Como muito bem disse João Cravinho, estamos perante um "confucionismo democrático" em que os que foram eleitos não respondem perante os que os elegeram.

A verdade é que a regionalização é um desígnio constitucional prometido e adiado sistematicamente, embora, desta vez, as "condições políticas" sejam a razão apontada para contrapor à crescente exigência de muitos e muitos autarcas que, por todo o país, exigem que o processo avance para que possam, de uma vez por todas, deixar de estar exclusivamente dependentes de poderes distantes, e por vezes inacessíveis, que habitam os labirintos da macrocefalia ministerial lisboeta.

No referendo de 1998 ouvimos, com insistência, os detratores da regionalização afirmarem, com enorme carga de demagogia e desonestidade política, que este processo apenas visava a criação de nova classe política e de mais cargos e benesses para distribuir. Curiosamente, continuamos hoje a ouvir estes velhos argumentos, agora da boca de novos protagonistas que até já angariam seguidores onde não se esperaria que tal acontecesse.

Claro que a maioria dos que afirmavam então tal coisa olhavam, e ainda olham, com a habitual sobranceria para o resto do país como terras distantes sempre carentes da sabedoria dos poderes centralizadores da capital. É tempo de se abandonar esta visão centralista do poder que tantas dificuldades causa às nossas populações.

Portugal precisa de ter novos níveis de poder que estejam mais próximos do que as pessoas necessitam; níveis que possam ser governados por aqueles que lá estão, seja para lá do Marão ou não. Porque, afinal de contas, é disto que se trata e não apenas de um mero jogo de ganhos e perdas políticas e de condições que nunca são criadas. É, aliás, interessante constatar que, na União Europeia, apenas oito países não têm regiões administrativas ou outros níveis intermédios de organização do Estado com dirigentes eleitos por sufrágio direto universal.

Do que se trata, afinal, é de criarmos, em conjunto, as condições para que o poder esteja mais próximo das pessoas, para que o poder seja facilmente responsabilizável e escrutinado porque, afinal, desta forma até se sabe melhor quem são aqueles que o exercem.

Para nós, é isso a regionalização.
É, acima de tudo, a criação de condições para termos um país mais desenvolvido, com maior harmonia e em que o poder esteja próximo das pessoas e seja capaz de, a cada momento, compreender o que as populações precisam que seja feito.

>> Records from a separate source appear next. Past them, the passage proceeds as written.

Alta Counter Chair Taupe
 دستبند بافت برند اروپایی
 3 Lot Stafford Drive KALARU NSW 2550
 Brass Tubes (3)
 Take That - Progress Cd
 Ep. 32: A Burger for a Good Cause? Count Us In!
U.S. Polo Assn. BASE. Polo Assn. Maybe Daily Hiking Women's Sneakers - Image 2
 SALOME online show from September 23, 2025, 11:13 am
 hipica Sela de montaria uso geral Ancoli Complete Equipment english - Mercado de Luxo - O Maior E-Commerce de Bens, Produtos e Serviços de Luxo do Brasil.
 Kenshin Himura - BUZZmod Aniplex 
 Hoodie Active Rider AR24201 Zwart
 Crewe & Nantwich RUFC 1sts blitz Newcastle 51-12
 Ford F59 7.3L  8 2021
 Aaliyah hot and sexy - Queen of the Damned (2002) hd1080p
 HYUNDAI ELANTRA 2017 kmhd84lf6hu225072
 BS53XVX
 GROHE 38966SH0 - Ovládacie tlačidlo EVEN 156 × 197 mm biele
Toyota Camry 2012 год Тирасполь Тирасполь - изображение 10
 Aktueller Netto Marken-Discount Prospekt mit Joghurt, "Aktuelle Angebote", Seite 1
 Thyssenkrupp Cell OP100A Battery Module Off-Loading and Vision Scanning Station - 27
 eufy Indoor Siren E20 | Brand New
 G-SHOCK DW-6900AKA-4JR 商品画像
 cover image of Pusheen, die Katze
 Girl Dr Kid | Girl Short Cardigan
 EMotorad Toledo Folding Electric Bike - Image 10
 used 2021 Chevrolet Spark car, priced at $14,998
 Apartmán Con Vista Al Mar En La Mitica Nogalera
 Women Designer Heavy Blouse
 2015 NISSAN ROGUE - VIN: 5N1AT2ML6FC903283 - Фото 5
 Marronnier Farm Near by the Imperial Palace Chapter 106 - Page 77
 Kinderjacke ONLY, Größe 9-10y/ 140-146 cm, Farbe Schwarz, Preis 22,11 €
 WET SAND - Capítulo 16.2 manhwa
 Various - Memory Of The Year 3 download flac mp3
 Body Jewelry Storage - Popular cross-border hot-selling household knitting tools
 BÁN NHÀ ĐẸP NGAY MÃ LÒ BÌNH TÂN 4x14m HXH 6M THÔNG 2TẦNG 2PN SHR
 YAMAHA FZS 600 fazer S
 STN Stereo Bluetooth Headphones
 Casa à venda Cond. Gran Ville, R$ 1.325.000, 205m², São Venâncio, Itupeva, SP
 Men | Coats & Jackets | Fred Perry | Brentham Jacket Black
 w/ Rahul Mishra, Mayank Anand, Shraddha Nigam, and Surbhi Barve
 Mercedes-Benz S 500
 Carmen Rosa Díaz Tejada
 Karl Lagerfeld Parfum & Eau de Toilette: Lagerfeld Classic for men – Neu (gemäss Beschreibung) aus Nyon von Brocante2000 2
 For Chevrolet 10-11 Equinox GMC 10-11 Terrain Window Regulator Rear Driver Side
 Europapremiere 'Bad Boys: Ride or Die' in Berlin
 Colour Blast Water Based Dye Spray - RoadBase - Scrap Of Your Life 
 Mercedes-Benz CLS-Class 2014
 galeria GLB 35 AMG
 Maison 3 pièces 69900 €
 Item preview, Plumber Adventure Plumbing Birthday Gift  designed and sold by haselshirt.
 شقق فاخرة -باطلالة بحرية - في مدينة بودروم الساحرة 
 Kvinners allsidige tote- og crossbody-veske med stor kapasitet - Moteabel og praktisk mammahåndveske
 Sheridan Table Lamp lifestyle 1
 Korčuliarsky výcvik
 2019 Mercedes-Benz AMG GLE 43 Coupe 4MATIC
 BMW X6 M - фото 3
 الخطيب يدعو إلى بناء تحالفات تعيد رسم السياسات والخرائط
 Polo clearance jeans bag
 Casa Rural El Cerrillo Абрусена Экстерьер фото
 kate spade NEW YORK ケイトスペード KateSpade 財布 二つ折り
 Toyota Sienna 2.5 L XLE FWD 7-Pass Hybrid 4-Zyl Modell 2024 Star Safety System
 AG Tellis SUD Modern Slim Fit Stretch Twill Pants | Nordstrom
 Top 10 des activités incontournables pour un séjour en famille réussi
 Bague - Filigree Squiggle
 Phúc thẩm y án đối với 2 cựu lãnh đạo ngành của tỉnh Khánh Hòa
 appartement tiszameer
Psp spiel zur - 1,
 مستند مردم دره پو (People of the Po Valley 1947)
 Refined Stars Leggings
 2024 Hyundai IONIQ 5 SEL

Porque, se para lá do Marão devem (também) mandar os que lá estão, para cima e para baixo do Sado, ou para lá do Caldeirão, também são os que lá estão que sabem melhor o que precisam.

Há uns anos alguém escreveu num muro do Alqueva a célebre frase que ajudou, sem dúvida, a que a barragem fosse construída.

É tempo de dizermos o mesmo sobre a regionalização em Portugal.